**PROBLEM STATEMENT**
For this exercise, return exactly the lines of the material below that begin at the one with "王俊杰未来的成就真能超越曾经的朱芳雨吗？？？" and stop after the one with "Christmas Decoration thumbnail-1".
-------- DATA LISTING
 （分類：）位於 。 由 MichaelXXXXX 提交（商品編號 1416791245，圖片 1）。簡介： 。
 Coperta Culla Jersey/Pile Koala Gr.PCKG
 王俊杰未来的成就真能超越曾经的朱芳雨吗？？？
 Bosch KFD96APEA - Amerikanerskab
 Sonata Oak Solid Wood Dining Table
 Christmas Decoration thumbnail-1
----------------
-------- DATA LISTING
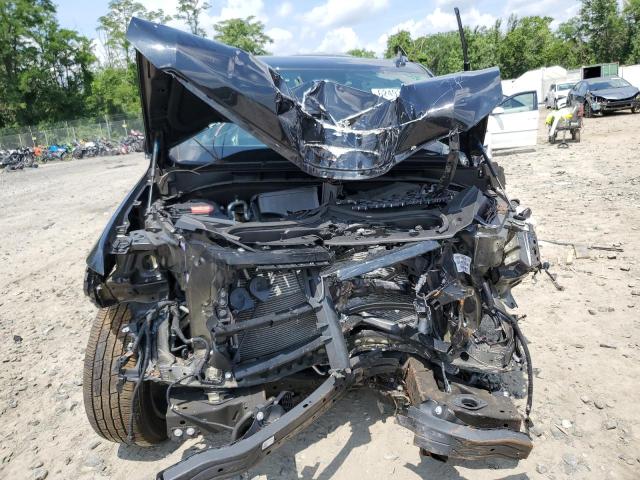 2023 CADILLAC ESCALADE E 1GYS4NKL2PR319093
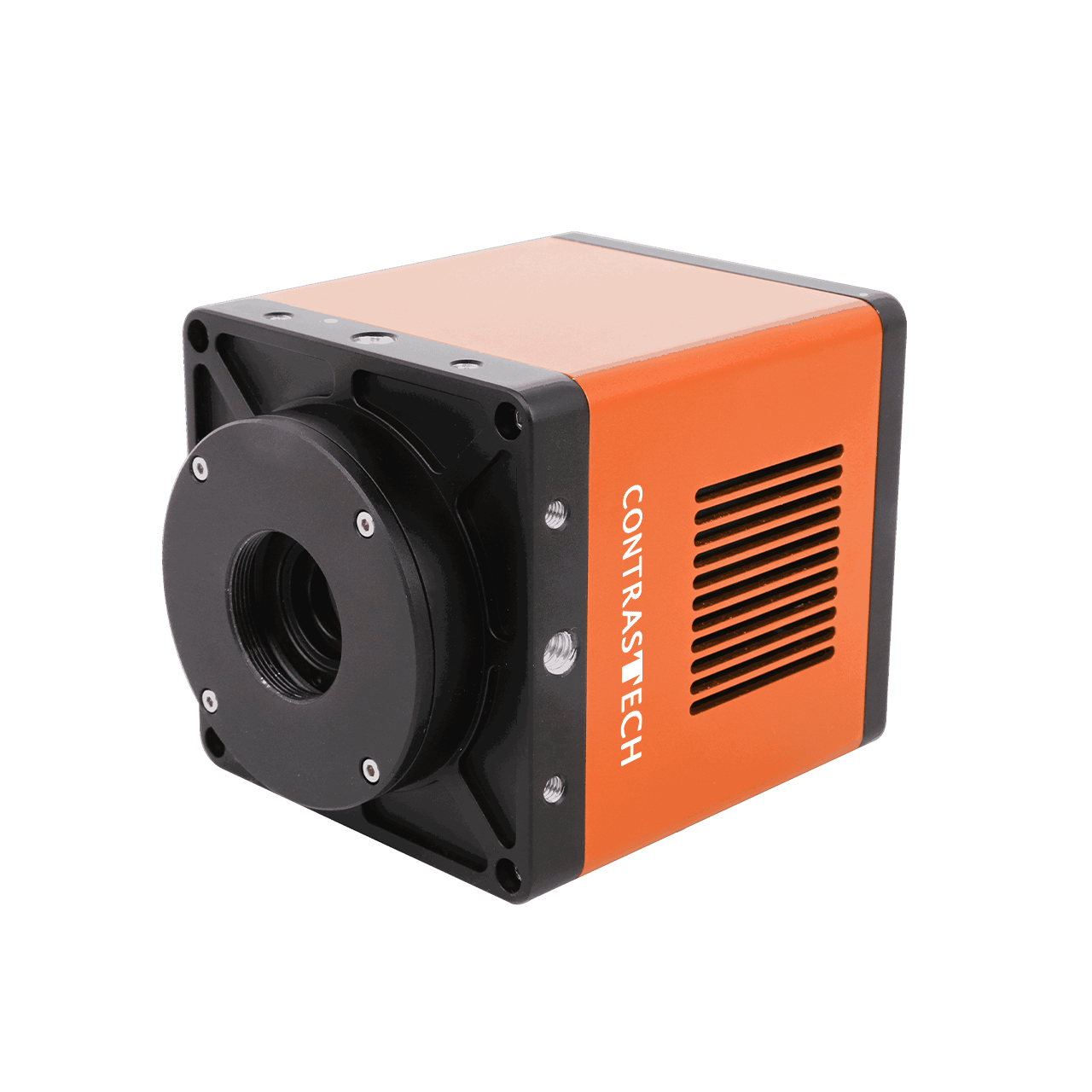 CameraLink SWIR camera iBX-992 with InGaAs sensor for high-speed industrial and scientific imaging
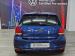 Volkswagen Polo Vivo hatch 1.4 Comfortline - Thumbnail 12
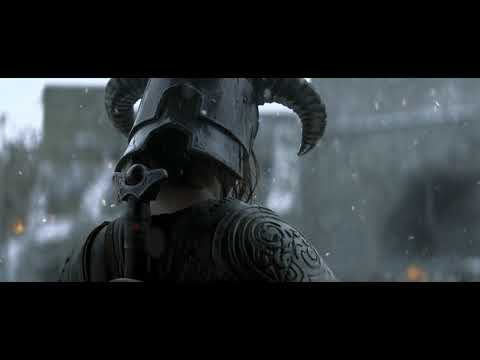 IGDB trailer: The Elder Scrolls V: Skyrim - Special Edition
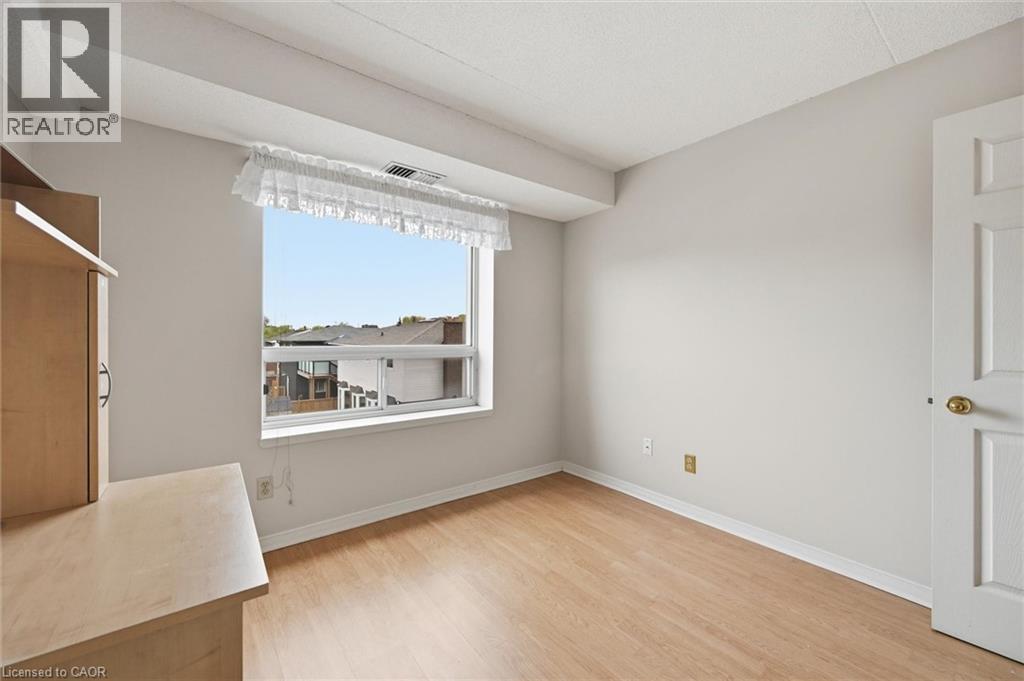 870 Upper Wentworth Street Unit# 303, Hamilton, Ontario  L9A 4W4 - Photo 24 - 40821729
----------------
-------- DATA LISTING
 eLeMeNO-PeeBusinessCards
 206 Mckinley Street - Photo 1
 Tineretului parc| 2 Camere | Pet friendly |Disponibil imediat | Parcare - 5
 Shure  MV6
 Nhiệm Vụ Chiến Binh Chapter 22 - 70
----------------
**EXERCISE RESPONSE**
 王俊杰未来的成就真能超越曾经的朱芳雨吗？？？
 Bosch KFD96APEA - Amerikanerskab
 Sonata Oak Solid Wood Dining Table
 Christmas Decoration thumbnail-1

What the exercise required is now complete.